Bir İlham Perisi, Doğa.
Muhteşem işleyişiyle doğa eskiden beri insanların kurduğu yapay sistemlere ilham olmaya, olası aksaklıklarda çözüm yolu sunmaya devam ediyor. İnovasyonla doğanın yolu bir noktada birbiriyle kesişiyor.
Bugün hayatımıza tamamen yerleşen İnovasyon, yaşamlarımızın konforunu arttırdığı için çok değer görmekte. Yeni gelişen teknolojik ürünler, en sıra dışı hizmetlerle gündeme gelen inovasyon, dünyada güçlü bir rekabet rüzgârı estiriyor. Ancak inovasyonun güçlü ve sürdürülebilir olması için farklı ve yaratıcı fikirlere devamlı olarak ihtiyaç varken bu fikirlere ulaşmak ise her zaman o kadar kolay olmayabiliyor. Bu arayışa yanıt bulma arayışıyla bilim insanları, mühendisler ve mimarlar gözünü doğaya çevirince çarpıcı keşifler ve bağlantılarla karşılaştılar.
Yüzyıllardır kusursuz şekilde işleyen düzeniyle doğanın bizim bugün yeni keşfettiğimiz birçok şeyi zaten kullandığını, Uzun zamandır çözümünü aradığımız sorunu da çoktan çözdüğünü görmek büyüleyici. İşte kimi zaman tesadüfen kimi zaman da uzun araştırmalarla doğanın bu mucizeleri ilham olarak yaşamımıza bir şekilde taşınıyor.
Bu gün artık doğanın sahip olduğu zenginlikleri ve sırları inceleyen bir bilim dalı var.
Adı da Biyomimikri. Biyo-yaşam ve mimikri –benzetim şeklinde iki kelimeden oluşan bu isme belki aşina olanlarınız vardır. Ancak henüz yaygın bir kullanımı olmayan Biyomimikri; insanların doğadan ilham alarak ya da taklit ederek yeni ürünler, tasarımlar, sistemler üretmesi. Sizin de farkına vardığınız gibi bu yeni bir durum değil aksine insanlık tarihi kadar eski. Zamanında birçok dahi beyin karşılaştıkları güçlükler için doğadan ilham almışlar. Doğadan aldıkları ilhamı tasarımlarda buluşlarda kullanılmış. Aslına sadece yeni olan Biyomimikri konusunda makale, kitap yazılması ve hatta eğitimlere başlanmasıdır.

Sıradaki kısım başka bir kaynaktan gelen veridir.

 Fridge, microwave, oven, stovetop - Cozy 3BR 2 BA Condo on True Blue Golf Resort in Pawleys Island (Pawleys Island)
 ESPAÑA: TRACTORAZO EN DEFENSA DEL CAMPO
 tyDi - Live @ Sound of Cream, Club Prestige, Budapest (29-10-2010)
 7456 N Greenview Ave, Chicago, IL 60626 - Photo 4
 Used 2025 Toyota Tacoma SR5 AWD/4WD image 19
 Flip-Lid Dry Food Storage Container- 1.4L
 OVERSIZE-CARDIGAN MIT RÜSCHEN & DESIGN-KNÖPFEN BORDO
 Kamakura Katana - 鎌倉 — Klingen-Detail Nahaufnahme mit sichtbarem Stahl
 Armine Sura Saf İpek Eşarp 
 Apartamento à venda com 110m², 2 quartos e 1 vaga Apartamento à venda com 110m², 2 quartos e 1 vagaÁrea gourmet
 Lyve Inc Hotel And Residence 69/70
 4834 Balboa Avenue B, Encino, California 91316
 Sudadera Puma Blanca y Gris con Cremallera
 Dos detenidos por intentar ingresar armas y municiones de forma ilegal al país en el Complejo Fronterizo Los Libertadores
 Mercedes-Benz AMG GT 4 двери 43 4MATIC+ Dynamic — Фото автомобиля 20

Biyomimikri’ye çok eskilerden örnek vermek gerekirse Leonardo da Vinci ve Wright Kardeşlerden bahsedebiliriz. Leonardo da Vinci nin kuşların nasıl uçtuklarını inceleyerek geliştirdiği ürüne Wright Kardeşler motor takarak bugün kullandığımız uçakların atasını yapmışlar. Uçakların rahat bir kalkış yapmaları için kuşların aerodinamik hareketleri ve kanatları taklit edilmektedir. Günümüzde İleri teknolojide üretilen uçaklara bakıldığında bile ürettiğimiz uçaklar son derece karmaşık hareket kontrolü olan kuşların yanında basit birer taklit olarak kalmaktadır.
Daha farklı bir örnek, bir balıkçıl olan yalıçapkını kuşundan. Küçük ama gayet hızlı ve etkili bir avcı olan bu kuş hızlı trene ilham olmuş. Japon JR West firmasının geliştirdiği dünyanın en hızlı giden yolcu treninin tünellerden çıkarken çok fazla ses çıkarması sorununa yalıçapkını kuşunu inceleyerek farklı bir çözüm buldular. Yalıçapkını kuşu suya dalış yaparken tıpkı trenin tünele girdiği zaman hava direnci nedeniyle ani değişiklikler yaşamasına benzer değişiklikler yaşar. Trenin burnu, ön farlar da dâhil olmak üzere tıpatıp yalıçapkını kuşunun gagası taklit edilerek tasarlandı. Trenin bu tasarımdan sonra tünellerden çıkarken yaşanan ses patlamasının önüne geçilebildi ve %10 daha hızlı gitmeye başladı. Aynı zamanda %30 oranında hava basıncı azaldı ve elektrik kullanımı %15 azaldı. İşte bu doğayı örnek alarak yapılan mükemmel bir uyarlamadır. Mimari alanda da doğadan esinlenme oldukça yaygın. Binalar, binalarda kullanılan sistemlerden içinde yer alan eşyaların tasarımına kadar çok geniş bir yelpazede doğanın esintilerini görmek mümkün.